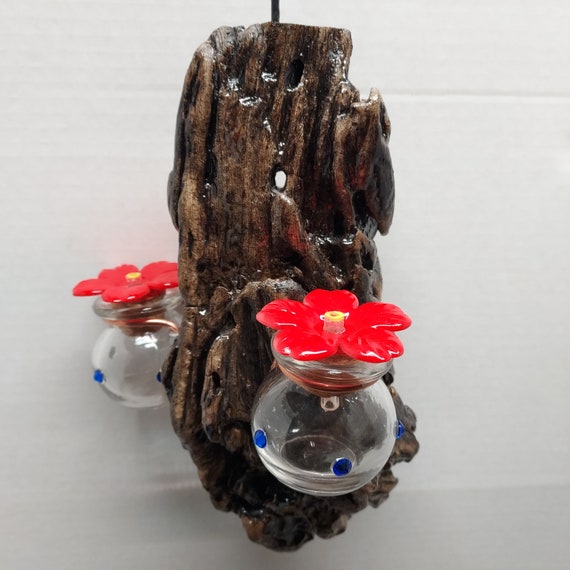 Driftwood Hummingbird feeder (DF04)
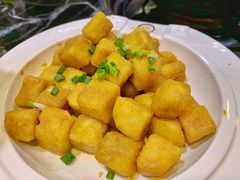 咸蛋黄茄子-李师傅脆肚(华强北店)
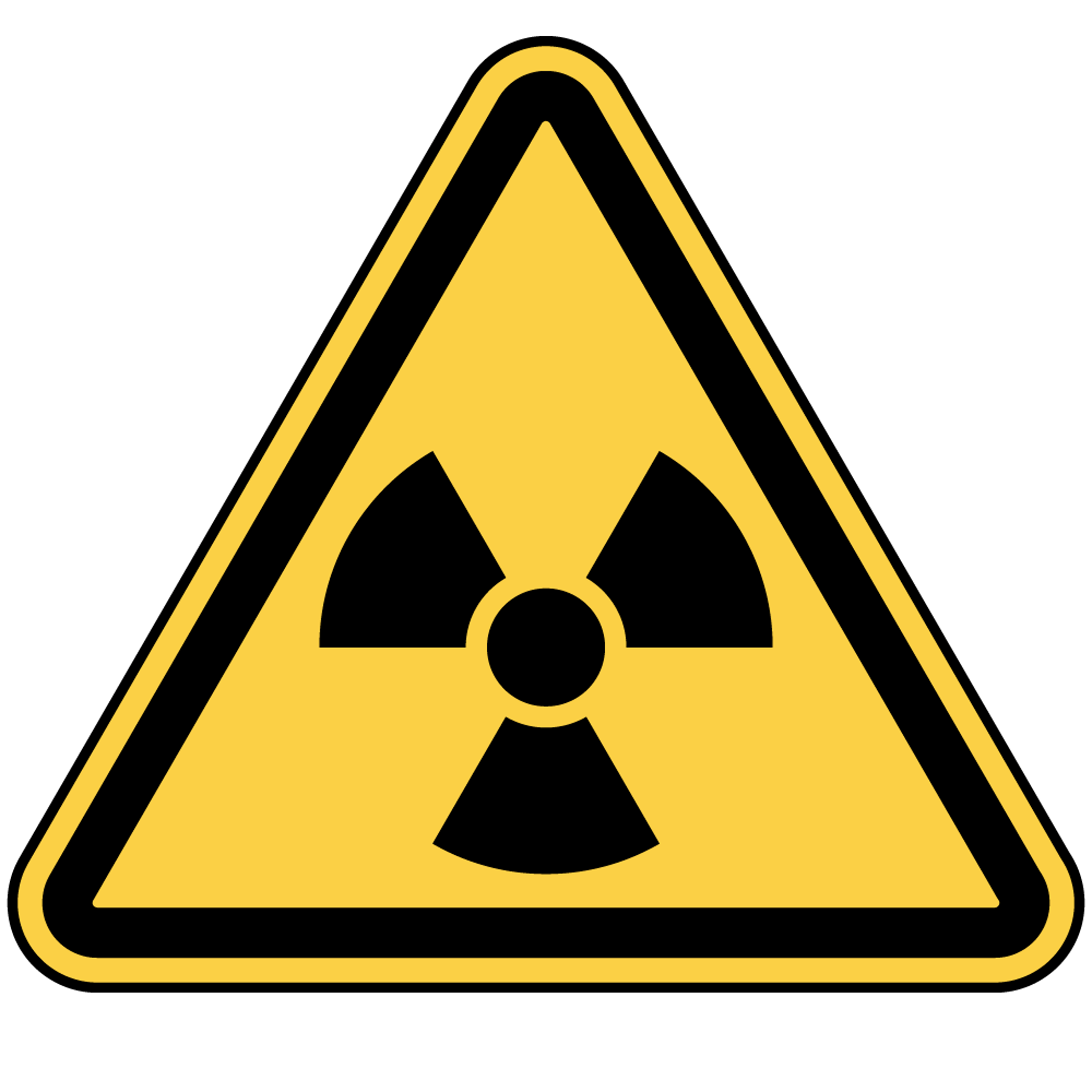 Warning Radioactive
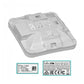 MikroTik 25dBm 5150-5875MHz 5GHz 2x2 L3 16dBi 23º 1-100-PoE 129x129mm | SXTSQ-LITE5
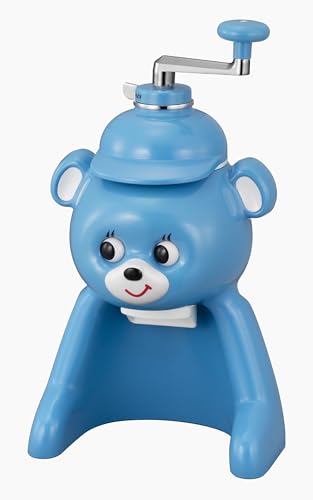 タイガー魔法瓶 (TIGER) 氷削り器 かき氷器 きょろちゃん 刷り直す ABF-G100 AK 青味 貨物輸送無料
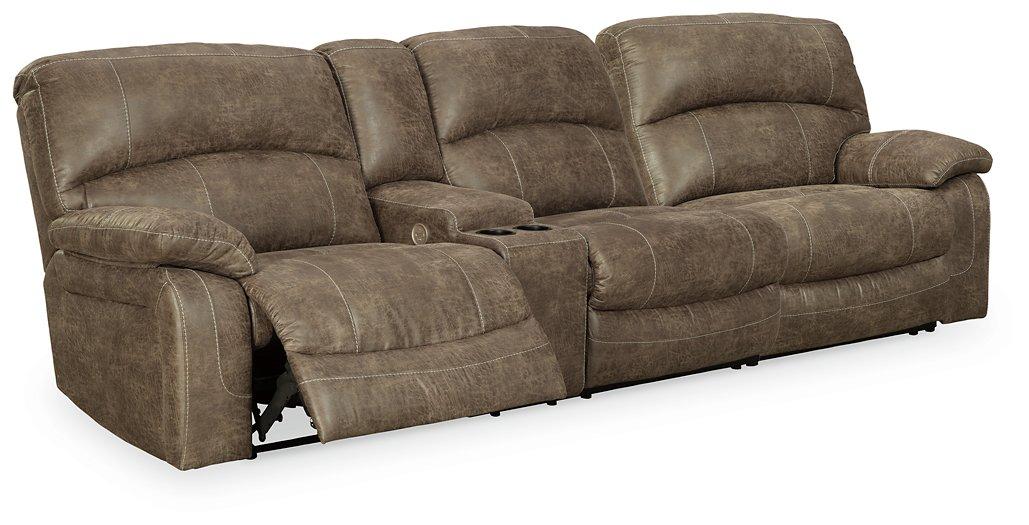 Power Reclining Segburg Sectional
• • •
With the images omitted, output all entries exactly as given.

◆ Solution for this task ◆
 Driftwood Hummingbird feeder (DF04)
 咸蛋黄茄子-李师傅脆肚(华强北店)
 Warning Radioactive
 MikroTik 25dBm 5150-5875MHz 5GHz 2x2 L3 16dBi 23º 1-100-PoE 129x129mm | SXTSQ-LITE5
 タイガー魔法瓶 (TIGER) 氷削り器 かき氷器 きょろちゃん 刷り直す ABF-G100 AK 青味 貨物輸送無料
 Power Reclining Segburg Sectional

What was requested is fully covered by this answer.